Navigate to the App Settings page and scroll to the Sensitive Data Discovery section.
Select the Enable Sensitive Data Discovery (SDD) checkbox to enable SDD.
Click Save and then click Confirm to apply your changes. Note that the Immuta tenant will have a system restart.
Once SDD is enabled on your tenant, SDD will automatically run when new data sources are added, but it must be manually run for all existing data sources. This allows you to test out SDD with a select few data sources without worrying that it will add tags throughout all your data sources.
For this step, you will pick the identifiers to match the data that matters to your organization. For example, for international data, you may want to enable many different identifiers for many countries, like the "Australia Passport" identifier and the "Finland National ID Number" identifier. However, if you are dealing with United States domestic financial data, those identifiers would be irrelevant. In that case, it would be better to identify the data likely to appear, like Bitcoin or US Bank Routing MICR.
First, create an empty framework,
Navigate to Discover and Identification.
Select Create New.
Enter a Name and Description for your new identification framework.
Select Create empty framework.
Then, add a new identifier to that framework,
Navigate to Discover and Identifiers.
Use the checkboxes to select all the identifiers relevant to your data. Tip: From the overview page you can see the name and the tags that will be applied by the identifier. To better understand the data it will match, click the name to read the description.
Once you have checked the identifiers you want in your framework, click Add to Framework.
Type the framework name in the text box.
Click Add to Framework.
Once you have created a framework relevant to your data, it is time to test it on your data and customize it. Run identification on a select number of data sources where you understand the data to assess and adjust the tags to reflect what you expect to see.

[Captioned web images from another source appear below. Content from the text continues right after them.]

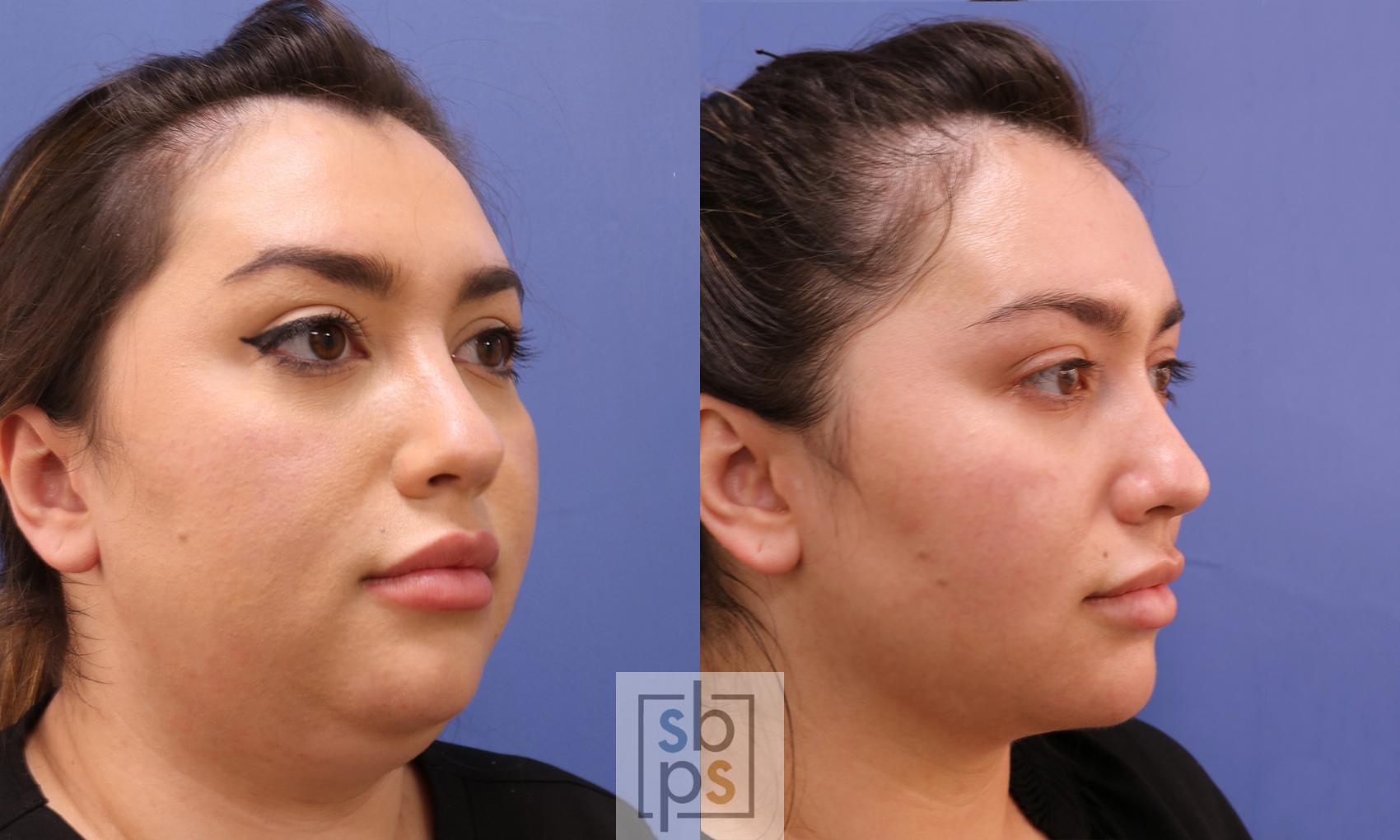 Before & After Chin Liposuction Case 472 Right Oblique View in Torrance & Los Angeles, CA, CA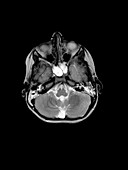 MRI of Otomastoiditis and Sphenoid Sinusitis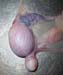aspect_testicule_abdominal_ov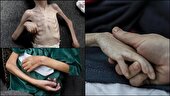سوء تغذیه در غزه از ۹۰ درصد فراتر رفته است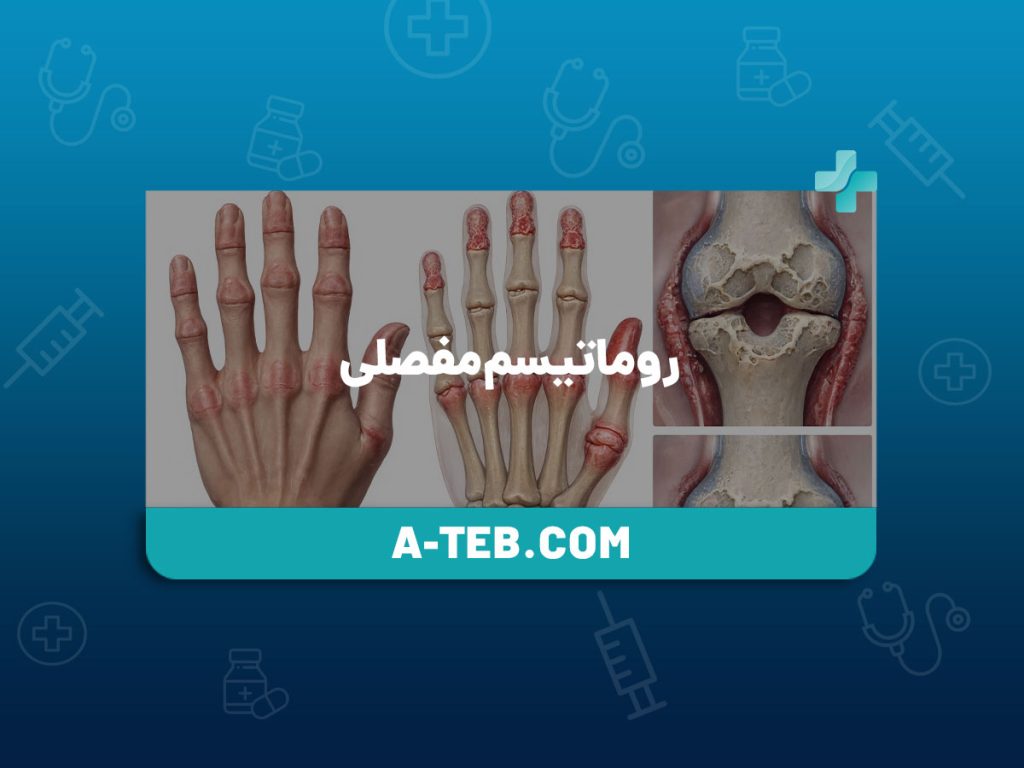 روماتیسم مفصلی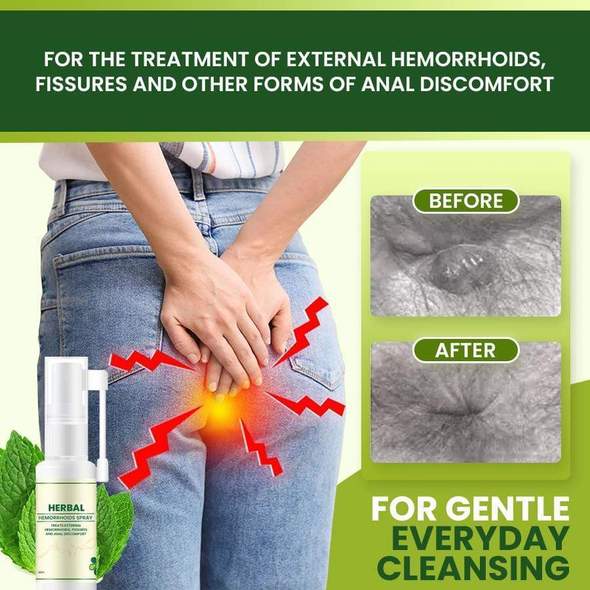 Natural Herbal Hemorrhoids Spray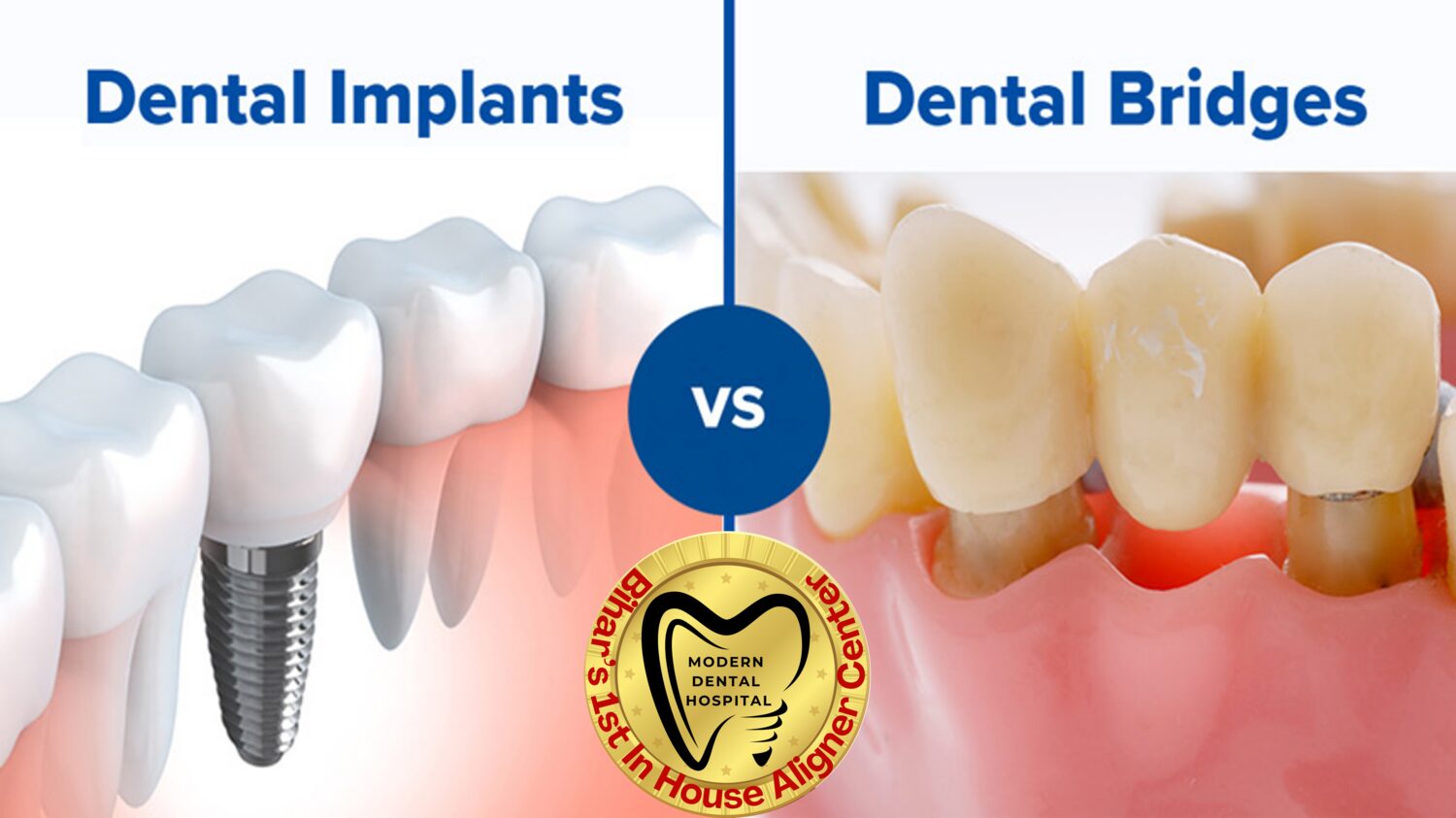 Dental implants vs dental bridges comparison Patna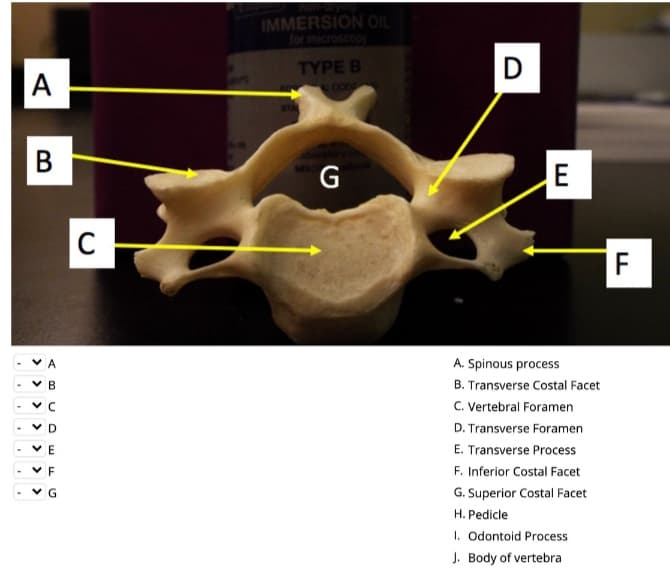 IMMERSION OIL
for microscop
TYPE B
D
A
COD
E
F
A
A. Spinous process
V B
B. Transverse Costal Facet
C. Vertebral Foramen
D. Transverse Foramen
E. Transverse Process
F. Inferior Costal Facet
v G
G. Superior Costal Facet
H. Pedicle
I. Odontoid Process
J. Body of vertebra
B
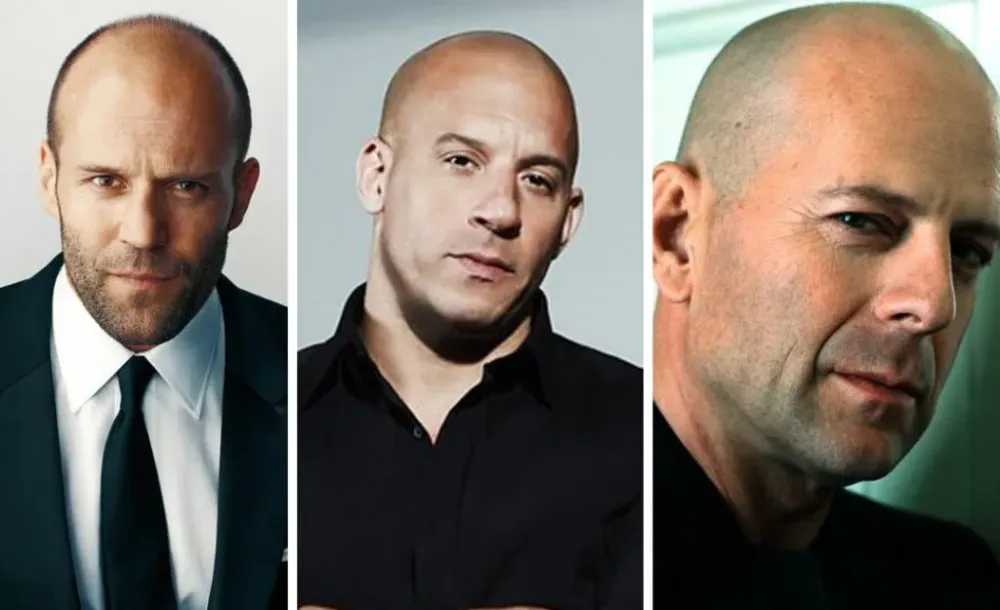 Les hommes chauves sont plus attirants et plus masculins, selon une étude scientifique.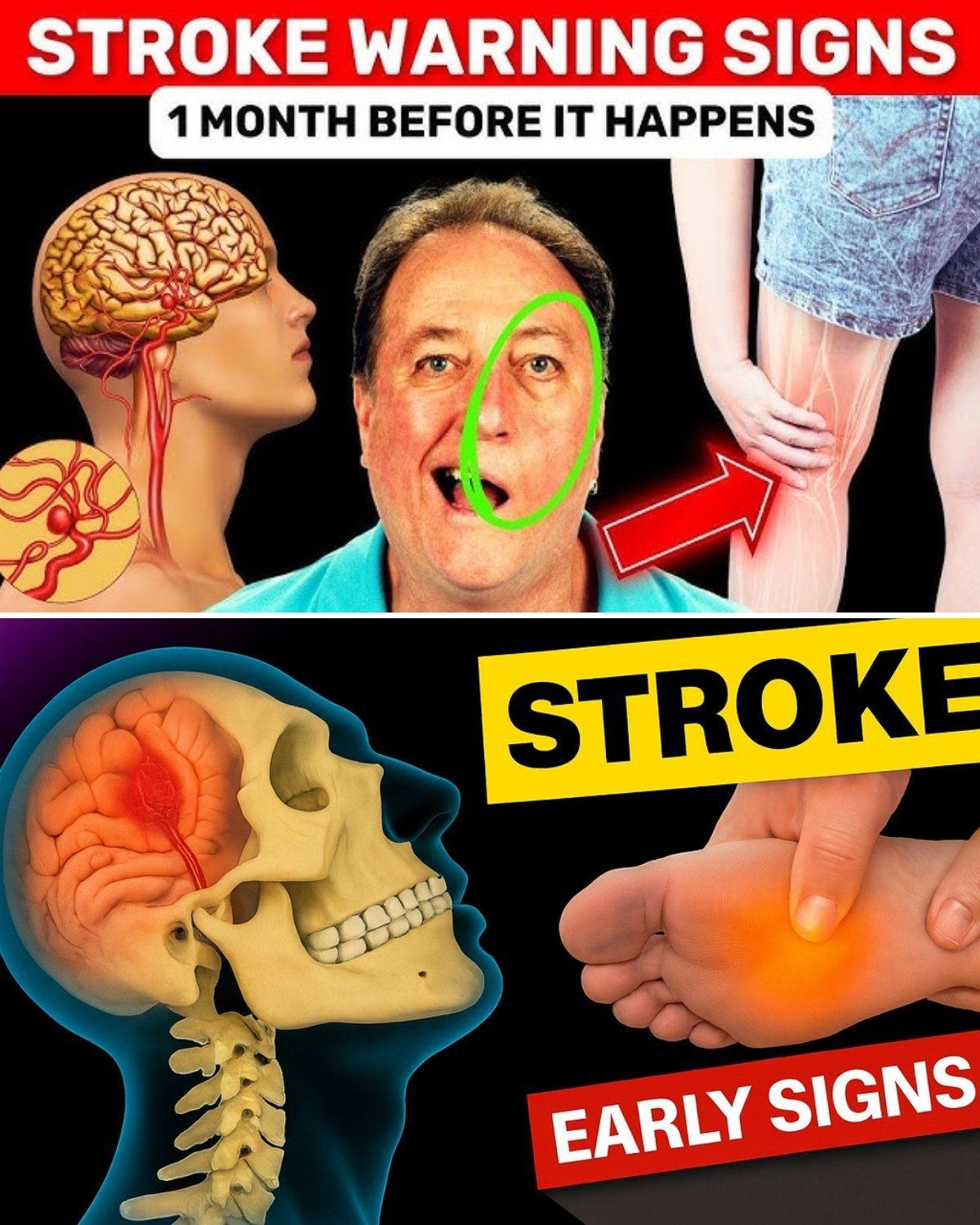 8 Warning Signs of Stroke One Month Before + 9 Powerful Tips to Prevent It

Add those select data sources to your new framework,
Navigate to Discover and Identification.
Click your new framework name.
Navigate to the Data Sources tab.
Click Add Data Sources.
Check the checkboxes for the select data sources you want to try SDD on.
Click Add Data Source(s).
Then, run identification on those data sources,
Navigate to Discover and Identification.
Click the action menu for your new framework.
Click Run Identification.
After identification runs, you will receive a notification that the job is complete. Then, you can view the results from the data source dictionary.
Navigate to the data source overview page of the data source you added to the framework.
Click the Data Dictionary tab.
Assess whether the Discovered tags are applied as expected.
If you are happy with the Discovered tags, follow the Assign data sources to frameworks guide to add the rest of your data sources to the framework and follow the Run identification guide to run identification on all your data sources.
If you want additional tags, follow the Create an identifier guide to create identifiers that matter to your data.